Recipe for-loops#

A for-loop is a mechanism for repeating a workflow over a list of parameter values. For example, you may want to run the same sequence of operations on a list of images, or a list of measurement sets.

This can be specified in one of two ways:

my-recipe:
    for_loop:
        var: foo
        over: [a, b, c]
    steps:
        step1:
            cab: my-cab
            params:
                bar: =recipe.foo

This tells Stimela to run the recipe three times, setting the variable foo to “a”, “b” and “c” respectively. Substitutions and formulas can then be employed inside the step definitions to alter the workflow based on the value of foo.

In the second form, the list of values to be iterated over is an input to the recipe:

my-recipe:
    inputs:
        image-list: List[File]
    for_loop:
        var: image
        over: image-list
    steps:
        step1:
            cab: my-cab
            params:
                img: =recipe.image

Looping sub-recipes#

Note that loops are all-or-nothing, i.e. the entire recipe is treated as a loop. If you only need to loop a particular series of steps, you can do this by defining a sub-recipe. Here’s a notional example:

loop-recipe:
    info: "this runs an operation over a list of images"
    inputs:
        image-list: List[File]
    for_loop:
        var: image
        over: image-list
    steps:
        step1:
            cab: my-cab
            params:
                img: =recipe.image

main-recipe:
    info: "this is the top-level recipe"
    steps:
        a:
            info:
                this step gets a list of images from somewhere.
                The get-image-list cab has an output called "image_list"
            cab: get-image-list
        b:
            info:
                this step runs "loop-recipe" over the list of images
                returned by the previous step
            recipe: loop-recipe
            params:
                image-list: =steps.a.image_list

Scattering and concurrency#

You can also tell Stimela to scatter a loop over a number of worker processes, and execute them in parallel:

my-recipe:
    for_loop:
        var: image
        over: image-list
        scatter: 16

This will run up to 16 iterations of the loop concurrently.

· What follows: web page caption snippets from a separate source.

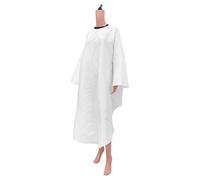 ELAYARD Salon Barber Cape Hair Dressing Smock Sleeves Hair Cutting Cape for Home and Salon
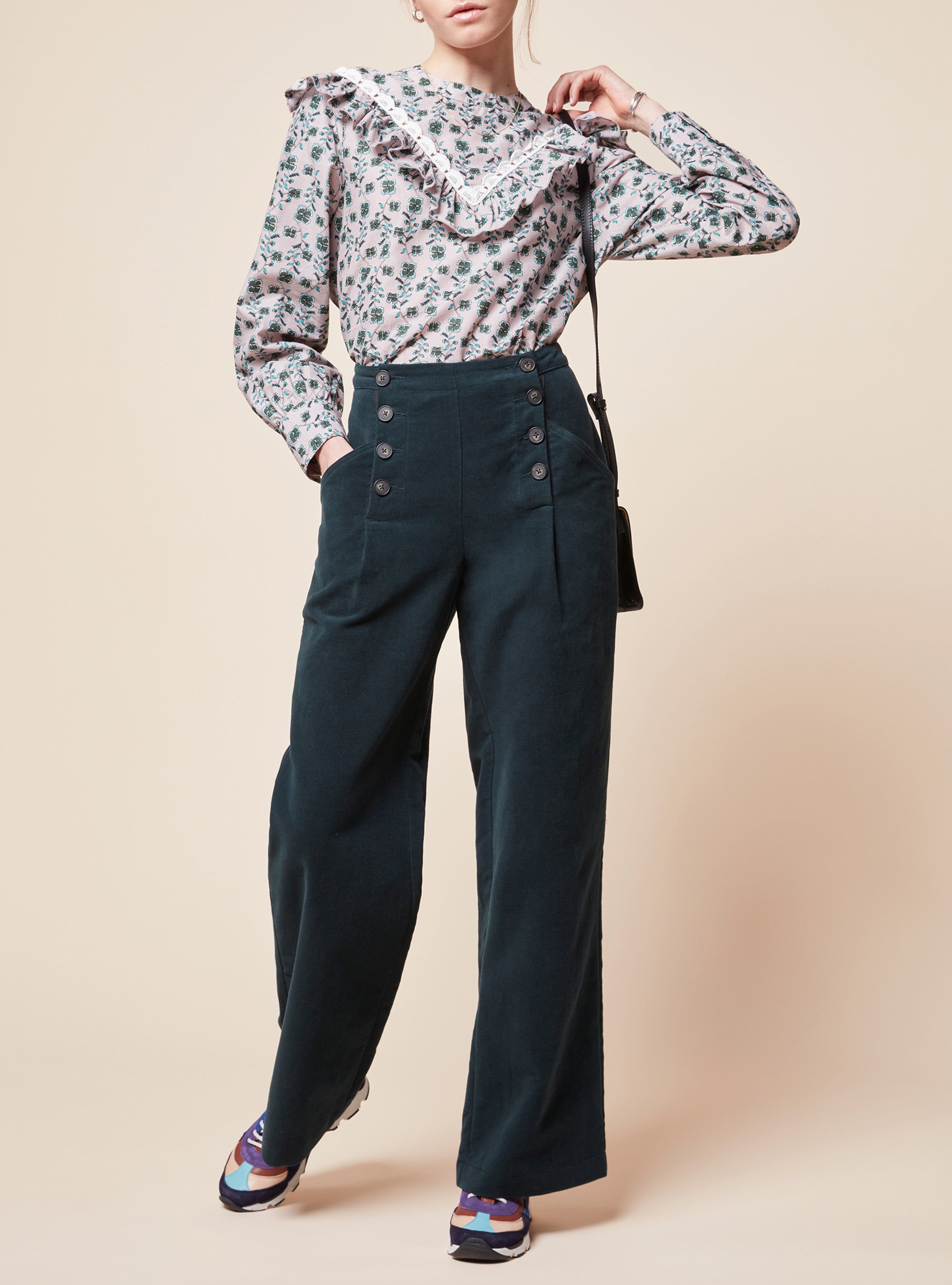 Blouse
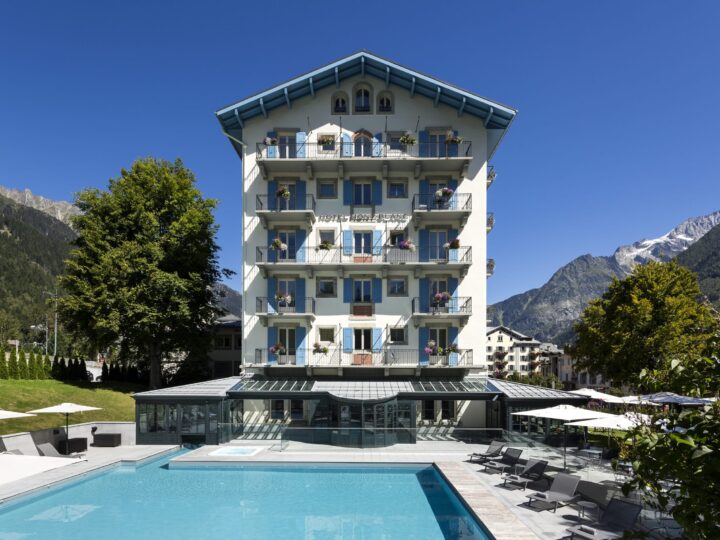 Où partir à la montagne cet été ?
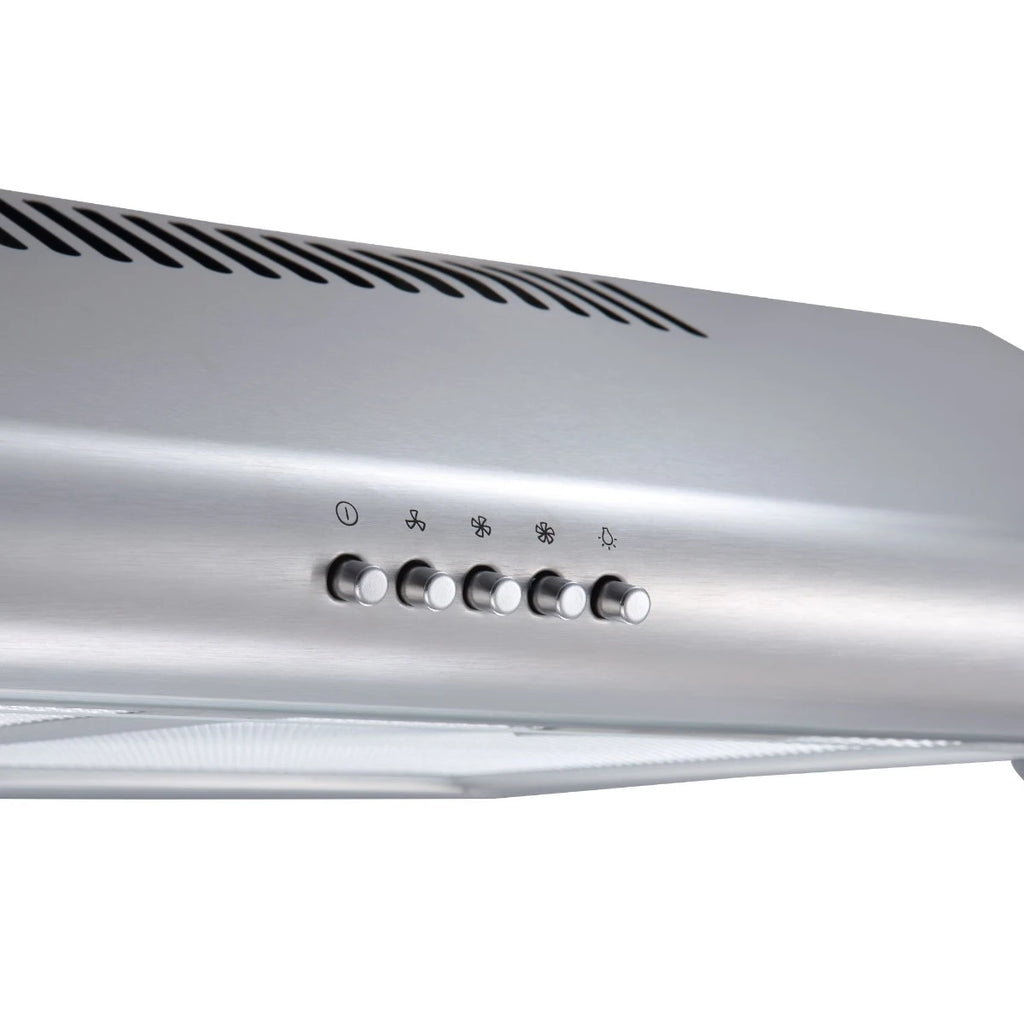 Hotă clasică NobelTek NHO-CL60F49X
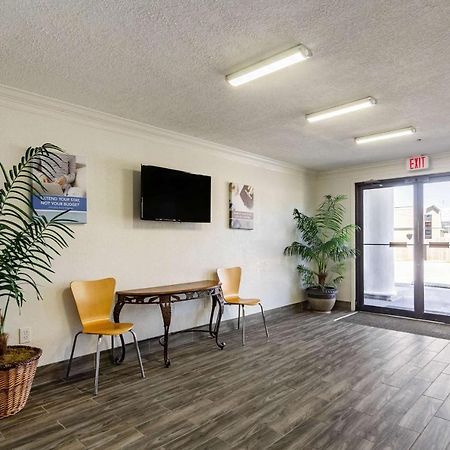 Studio 6 Pensacola, Fl Ferry Pass Εξωτερικό φωτογραφία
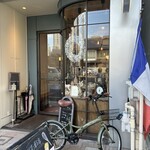 リオン菓子店 - 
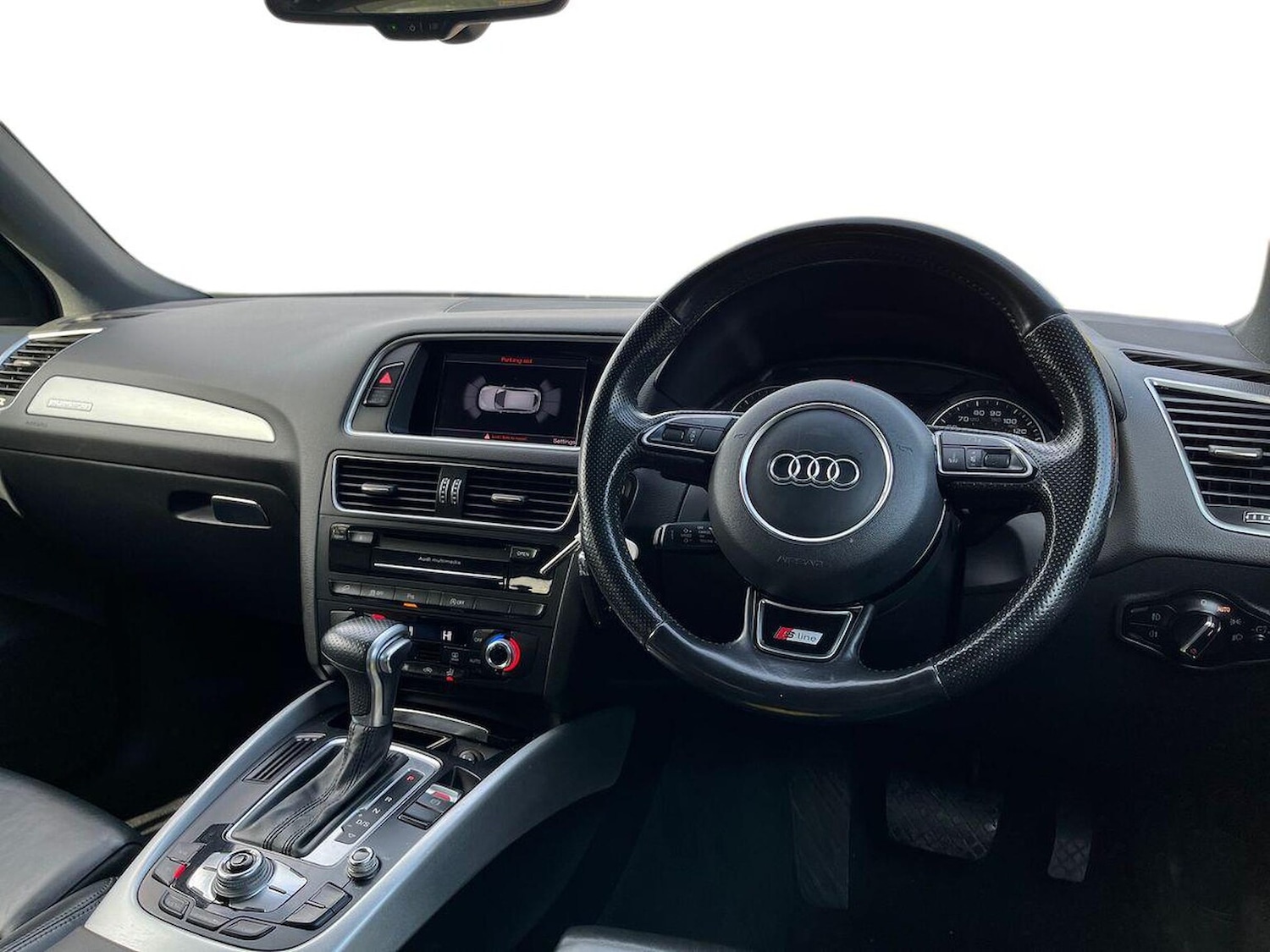 Used Audi Q5 2015 for sale - 76102473: Photo 15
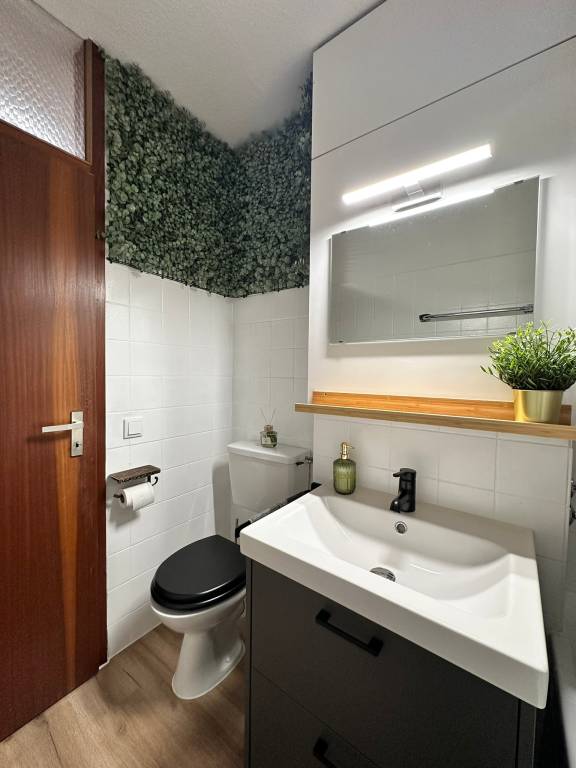 Lovely apartment with yard & fast internet | River view | Suitable for remote work | Pets allowed — photo 5
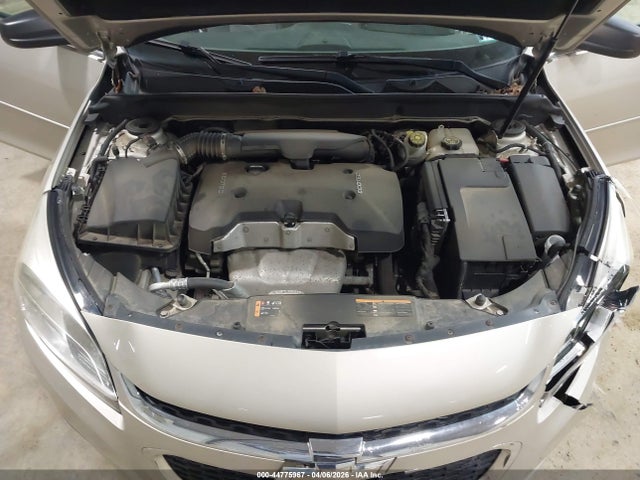 CHEVROLET MALIBU - 10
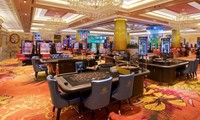UBND TPHCM muốn thí điểm mở casino, cho người đủ 18 tuổi tham gia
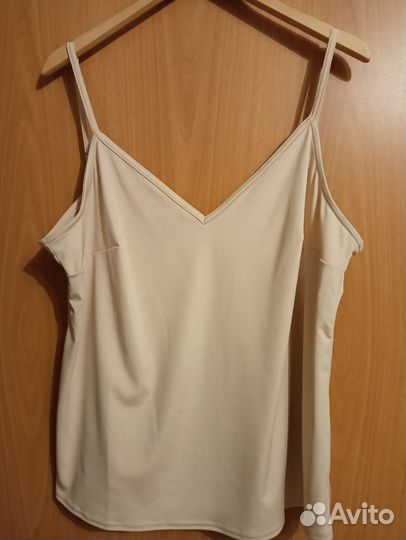 Топ женский 56р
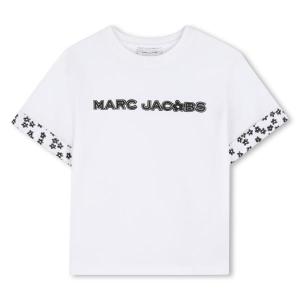 Marc_Jacobs_T_shirt_Wit_Marc_Jacobs_3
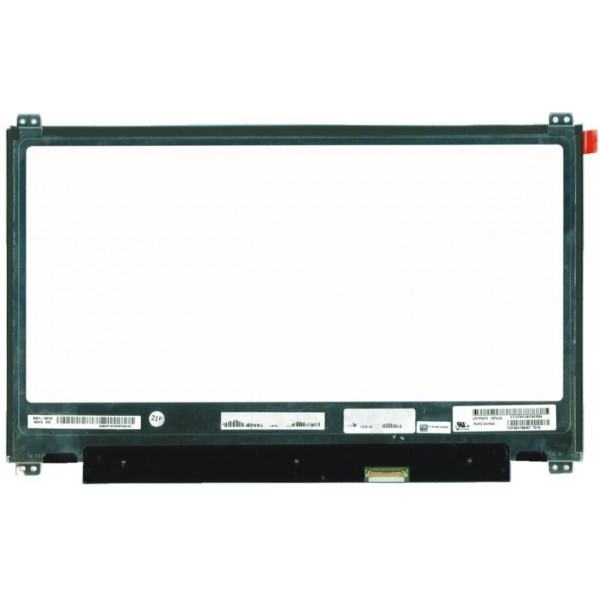 Screen for the Acer Aspire V13 V3-372-P5E5 laptop LCD 13,3" FHD LED 30 pin eDP - Matte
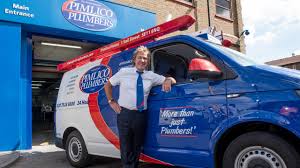 Most businesses register as a sole trader, limited. How To Grow A Plumbing Business Top Tips From Charlie Mullins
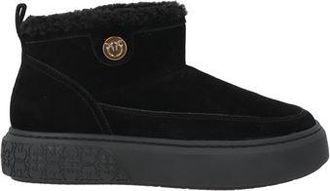 Pinko CALZADO - Botines de ca&ntilde;a alta en YOOX.COM
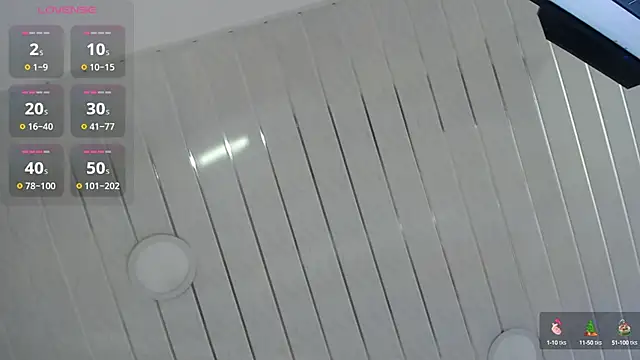 Cristal Velle online show from September 30, 12:44 pm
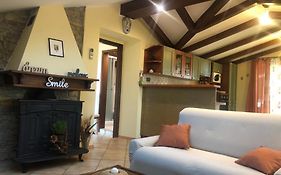 Apartman Villa Romana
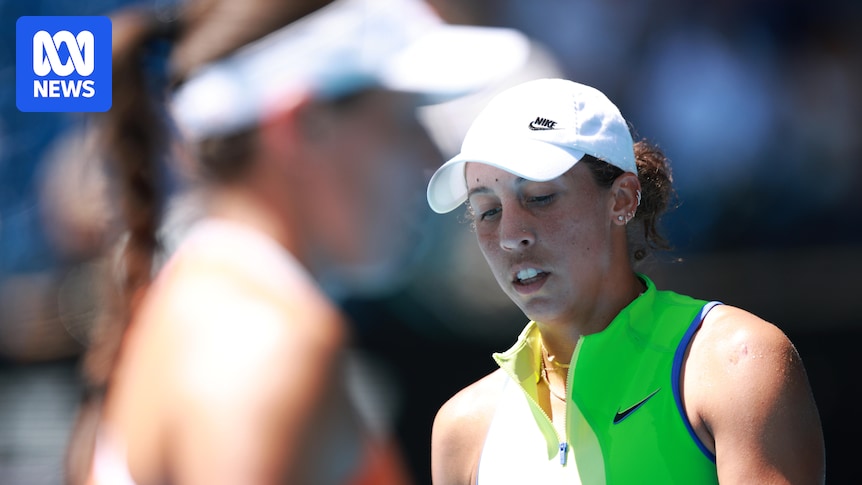 Australian Open 2026 live: Madison Keys, Maddison Inglis and Jannik Sinner on court on day nine
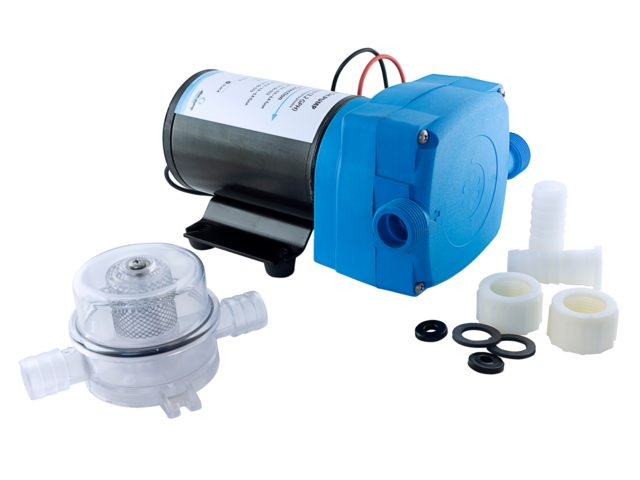 Albin pump marine Spoelpomp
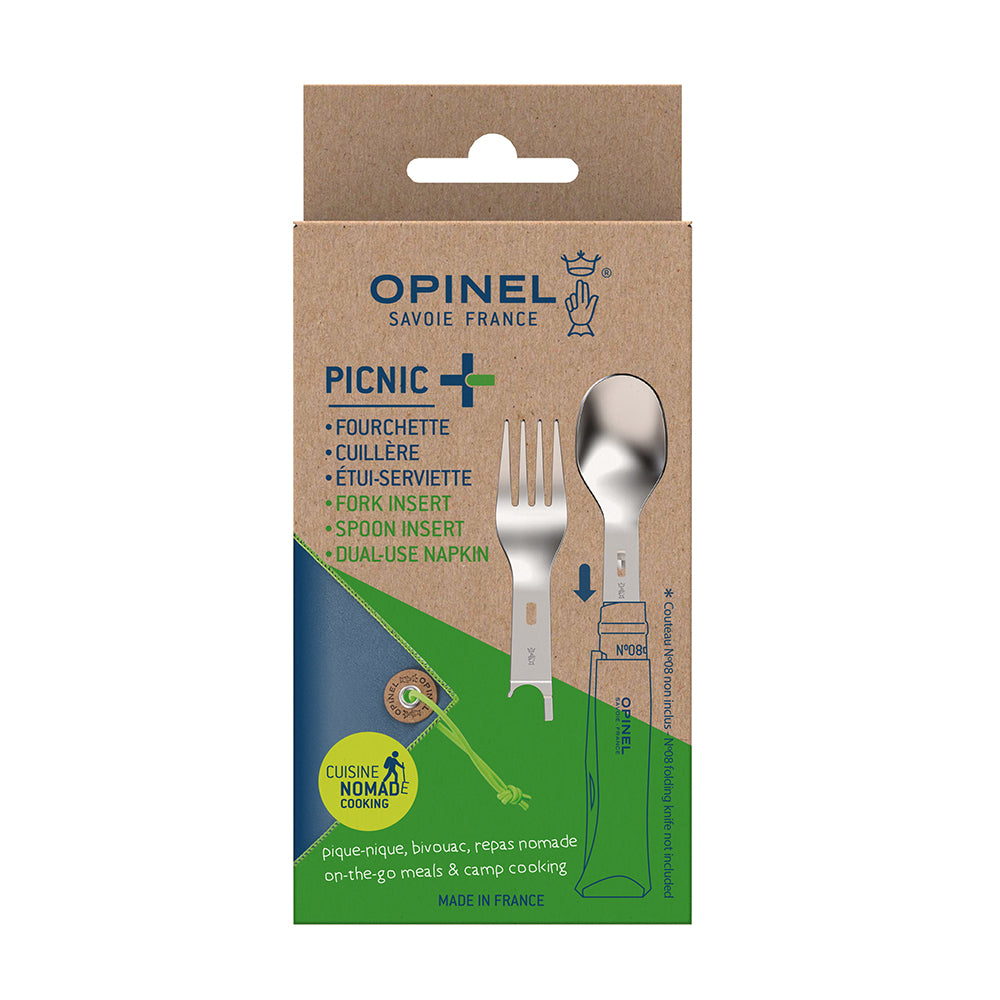 Accessori Picnic Opinel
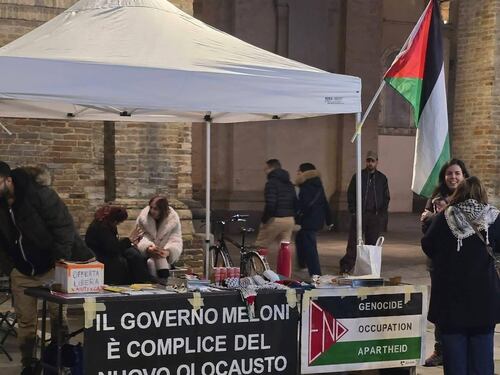 Parma, Russo-Bocchi (FdI): "In un centro islamico uno sceicco benedice il 7 ottobre. Segnalato alla Questura"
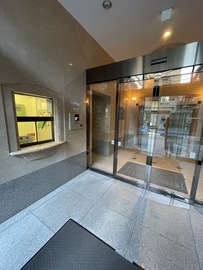 藤和シティホームズ清澄庭園 物件写真 建物写真5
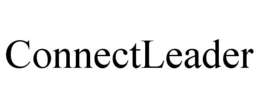 CONNECTLEADER trademark
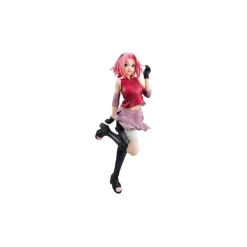 Naruto Gals - Sakura Haruno Statue: MegaHouse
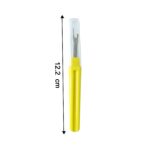 Precision Sewing Thread Remover Seam Ripper Tool (1 Pc) - Image 6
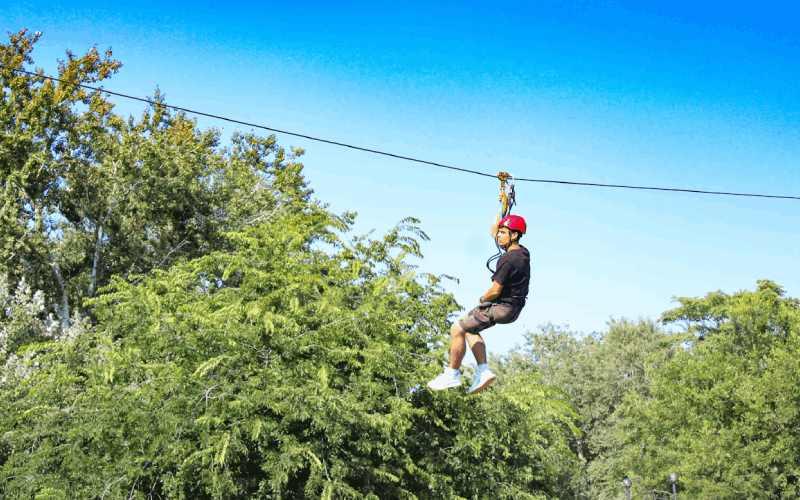 Zipline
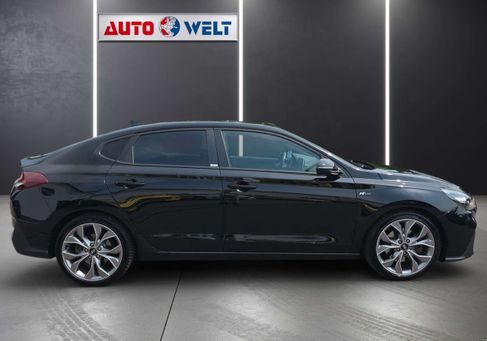 Hyundai i30, 2020 3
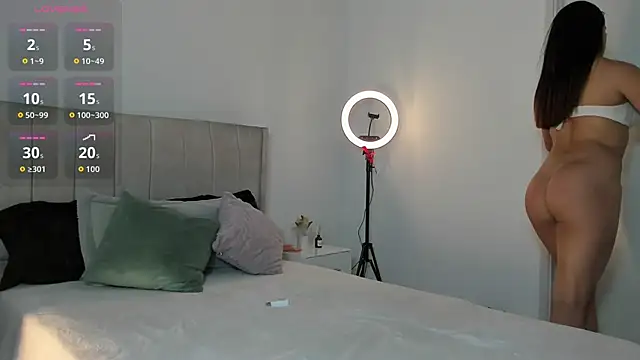 1m megan online show from March 13, 4:28 am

Use scatter: -1 to run all iterations concurrently. Single-node users beware, this is an easy way to overload a node! However, with the Kubernetes backend or the Slurm backend wrapper, this can very effectively leverage a cluster.

Accumulating loop outputs#

Occasionally, you’ll want your for-loop recipe to return an output that consists of a list of values from each iteration. To do this, you need to (a) formally declare the output in the recipe schema with a dtype of List[T], where T is the correct element type, and (b) specify how the element values are computed. The latter is done by adding an output_elements clause to the loop definition. This specifies how the elements are evaluated, using Substitutions and formulas. The results are accumulated into a list and assigned to the corresponding recipe output:

my-recipe:
    inputs:
        image-list: List[File]
    outputs:
        images:
            dtype: List[File]
            info: "list of output images produced by each iteration"
        scores:
            dtype: List[float]
            info: "list of metrics from each iteration, rescaled by 2"
    for_loop:
        var: image
        over: image-list
        output_elements:
            images: =steps.process.output-img
            scores: =steps.evaluate.metric * 2
    steps:
        process:
            cab: process-image
            params:
                img: =recipe.image
        evaluate:
            cab: evaluate-metric
            params:
                img: =steps.process.output-img

This also works with scattered loops – results are collected in the original iteration order regardless of which worker completes first.